Defense counsel argued he normally would have asked several more questions of Turner,
including questions regarding the chain of custody. The district court admitted the
exhibits into evidence over his objection.
Defense counsel then asked to voir dire Turner to address the chain of custody
issue, arguing:
"I mean, the bottom line is these exhibits were not admitted by the State, and they said
they would not call any other witnesses. That's what he told me. And he excused the
officer. And so we have to have a corpus delict[i], as far as I understand the law, that you
have to have the body of the crime. And . . . if you don't have the exhibits of the corpus
delict[i], the body of a crime admitted on the record properly in a trial, I don't think they
come in.
"And so as a strategy, when I realized that he hadn't admitted the two exhibits
that were crucial to both of those two counts, I elected to not let him proceed and try to
fix his error by asking questions of Sergeant Turner.
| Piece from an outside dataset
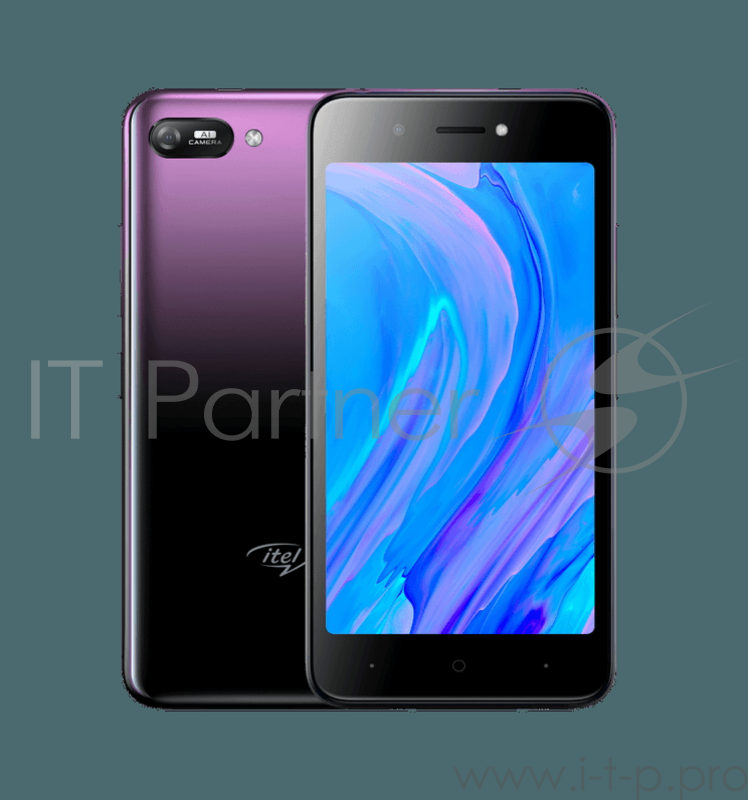 Смартфон Itel A25 L5002 Gradation Purple, 5 16:9 1280x720, 1.4GHz, 4 Core, 1 GB, 16GB, up to 32GB flash, 5 MP/2Mpix, 2 Sim, 2G, 3G, LTE, BT, Wi-Fi, GPS, Micro-USB, 3020mAh, Android 9 Pie (версия Go), 89g, 145,3 ммx72 ммx9,85 мм, face ID, Fingerprint,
Because it's my understanding that
. . . that window had closed, and that as a strategy I decided to go forward."
Defense counsel then moved for a mistrial.
The district court allowed defense counsel to call Turner in his own case-in-chief.
He asked Turner whether any testing had been done on the liquid in the bottle, and
Turner replied that none had been done to confirm the liquid was an alcoholic beverage.
Defense counsel then questioned Turner about the chain of custody regarding the baggie
and the bottle, and Turner explained how the evidence had been stored after it was
recovered.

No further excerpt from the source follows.